IIGCC urges consideration of climate change risks to property investment value (EUR)

A new report entitled 'A changing climate for property investment, a trustee's guide', published by the Institutional Investors Group on Climate Change (IIGCC), explores the contribution of property to climate change and highlights the risks to current and future property investment values and performance.

Produced by the IIGCC's Property Working Group, the report seeks to increase pension fund trustees awareness of the risks and opportunities associated with climate change and encourages consultation with property fund managers over possible strategies that can be undertaken to reduce the potential negative impacts of climate change on property values.

The IIGCC is a group of leading European investors collaborating to address investment risks and opportunities associated with climate change. The group represents a combined value of around €4 trillion (£3.78 trillion) of assets under management.

The report highlights the fiduciary duty and responsibilities held by both trustees and their real estate fund managers. It also provides the information needed to better understand the potential impacts and risks of climate change on property portfolios and its influence on current and future real estate values.

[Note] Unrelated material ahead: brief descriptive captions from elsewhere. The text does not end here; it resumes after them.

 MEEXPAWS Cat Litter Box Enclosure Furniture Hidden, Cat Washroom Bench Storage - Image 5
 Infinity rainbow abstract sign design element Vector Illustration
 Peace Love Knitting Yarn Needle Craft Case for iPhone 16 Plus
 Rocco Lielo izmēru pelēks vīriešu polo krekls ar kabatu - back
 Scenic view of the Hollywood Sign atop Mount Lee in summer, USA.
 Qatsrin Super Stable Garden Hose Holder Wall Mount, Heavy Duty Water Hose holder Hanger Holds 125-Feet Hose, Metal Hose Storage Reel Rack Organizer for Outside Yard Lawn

If the threats to property values highlighted in the report are ignored many property assets risk becoming more illiquid. Environmentally poor assets may experience further de-valuation, as their lower net rents are capitalised at higher yields. Owners and fund managers should therefore consider taking swift action, either through stock selection or cost effective asset management, to avoid these potentially damaging effects on investment values and performance.

As well as exploring the long-term physical impacts of climate change on property assets, investment values and performance, the report also provides a list of pertinent questions and suggested responses that trustees should ask of themselves, and their fund managers. The checklist will help ensure that these risks are not ignored and that responsible property investment strategies can be easily implemented to guard against asset depreciation.

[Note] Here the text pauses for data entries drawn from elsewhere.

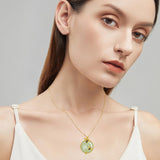 14K Gold Plated Natural Jade Hummingbird Cat Dragonfly Butterfly Bee Pendant Necklace for Women
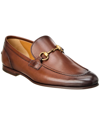 Gucci Jordaan Horsebit Burnished-leather Loafers In Brown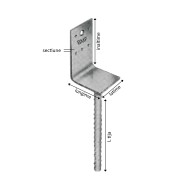 Papuc de reazem, tija striata Ø16, fixare cui ancora Ø4 mm, perforatii Ø5, Ø13.5 mm, Rocast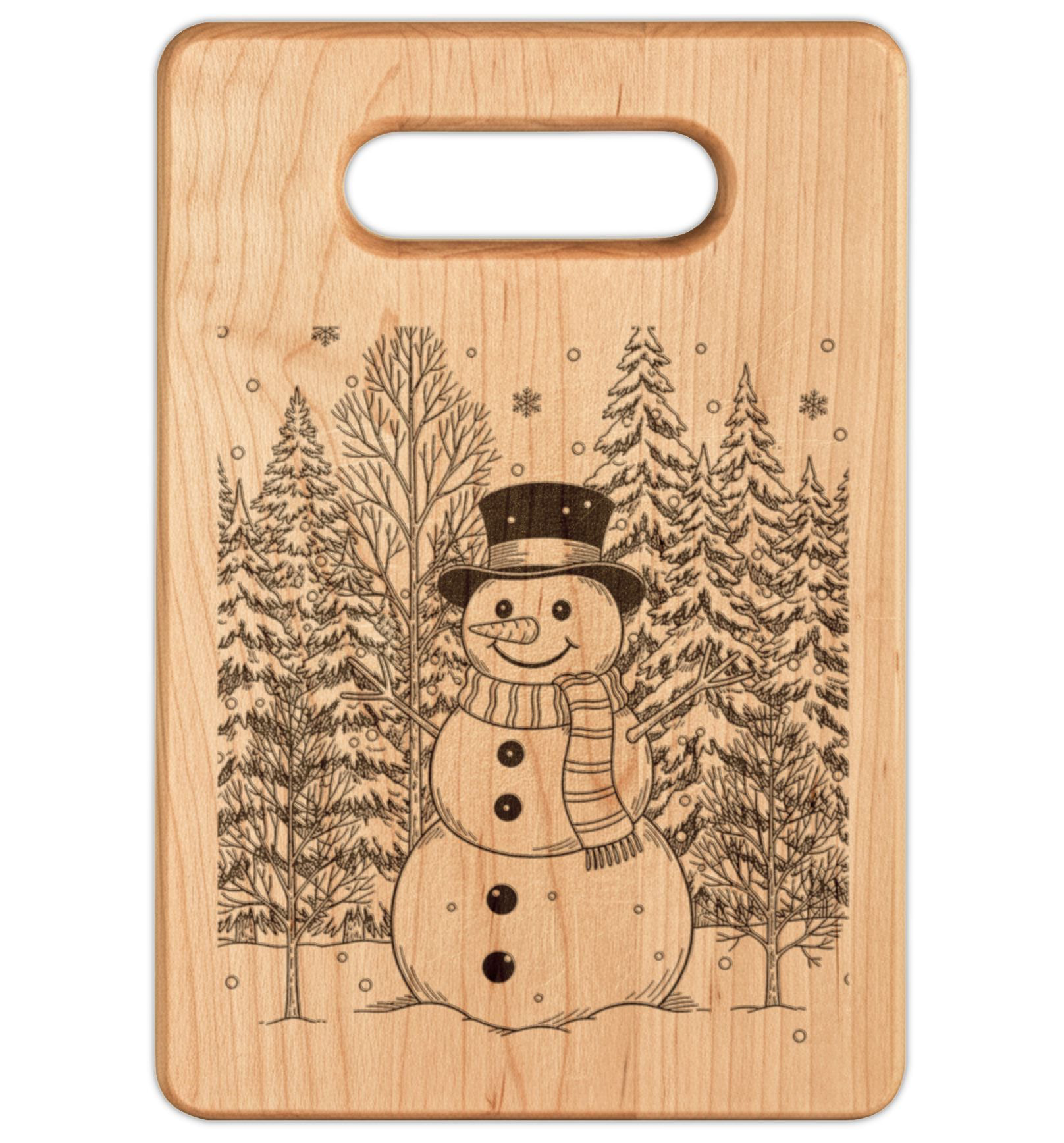 Snowman Happy Holidays Engraved Wooden Cutting Board Rectangle Handle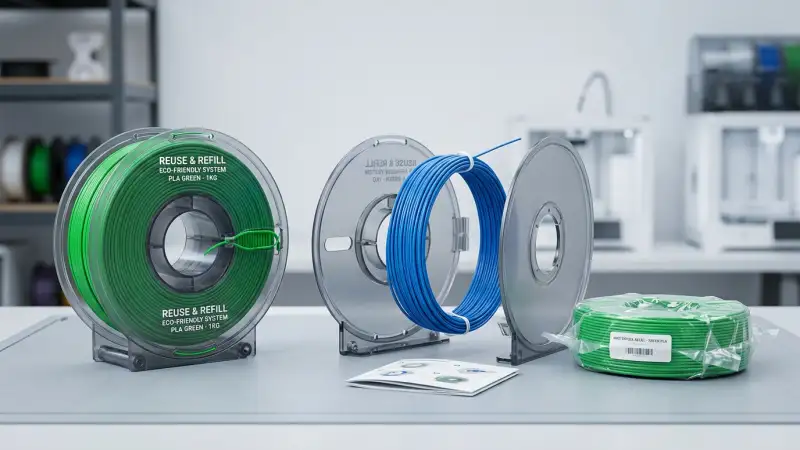 MasterSpool reusable spool with filament refill coil – cheapest filament 3D printer refill system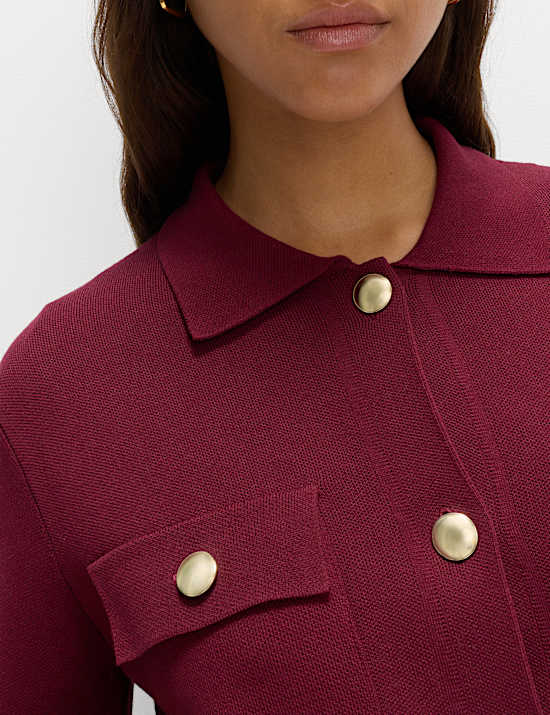 Πλεκτή Ζακέτα με Γιακά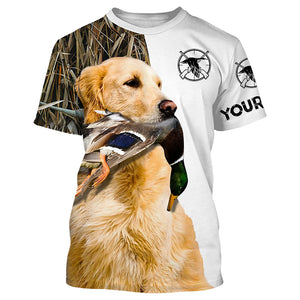 Duck Hunting With Dog Golden Retriever Customize Name 3D All Over Printed Shirts - Personalized Hunting Gifts FSD2166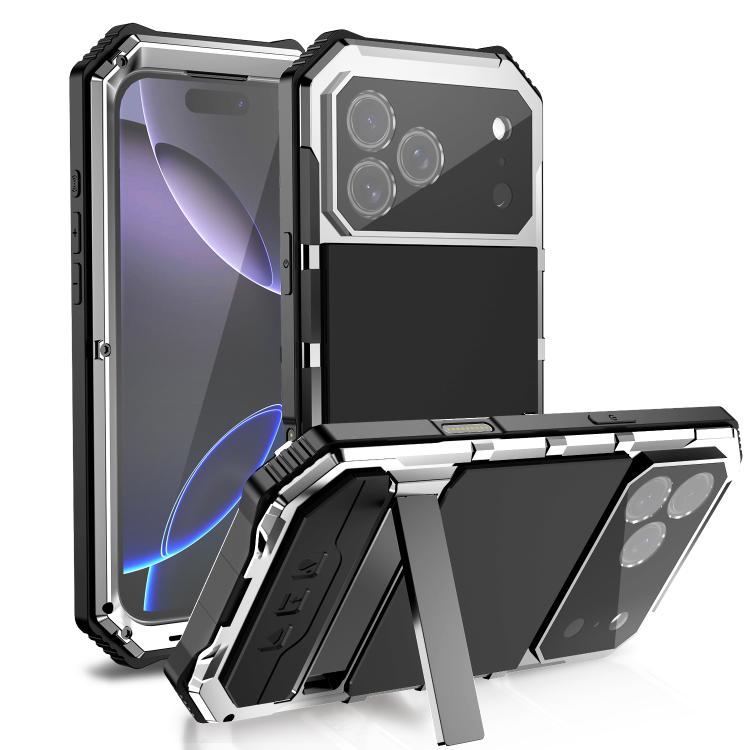 R-JUST Life Waterproof Dustproof Shockproof Holder Phone Case, For iPhone 18 Pro, For iPhone 18 Pro Max, For iPhone 17e / 16e, For iPhone 17 Pro Max, For iPhone 17 Pro, For iPhone 17, For iPhone 16 Pro Max, For iPhone 16 Plus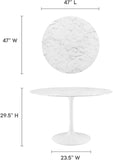 Lippa 47" Mid-Century Dining Table with Round Artificial Marble Top in White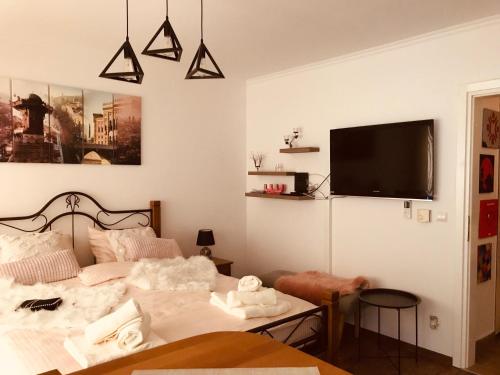 salon z łóżkiem i telewizorem z płaskim ekranem w obiekcie Apartment Rustic w Sarajewie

The major risks to asset values and investment performance identified in the report can be summarised as follows:

  • Property will be affected by a growing incidence of extreme weather events such as flooding, storm or heat stress.
  • Governments will focus greater attention on properties as major energy users and will look to implement tighter regulations, through stricter building standards and "cap-and-trade"* schemes to force property owners and users to reduce carbon dioxide emissions.
  • Shift in occupier sentiment - larger commercial property occupiers will increasingly 'reject' properties that are not socially or environmentally acceptable.

Simply understanding how values and investment performance might be affected by climate change and related government policy and social reactions makes for an 'informed' rather than 'responsible' property investor. The aim of the report is to provide trustees with the knowledge and impetus to take positive action now to futureproof assets. It encourages trustees to have a full and frank dialogue with their fund managers and advisors and implement responsible property investment strategies to ensure that such risks and opportunities are integrated into investment and property management decisions.

The report also recognizes that property is a significant contributor to climate change. Property assets can therefore provide occupiers and owners with a substantial opportunity to improve their environmental footprint, while supporting or enhancing total returns from investments.

For example, the UK Government's Carbon Reduction Commitment, which comes into force in April 2010, may result in the most energy efficient buildings generating a new income stream. Reduced energy use will provide operational cost savings, plus surplus carbon credits that can be traded back to the government under the new cap-and-trade schemes.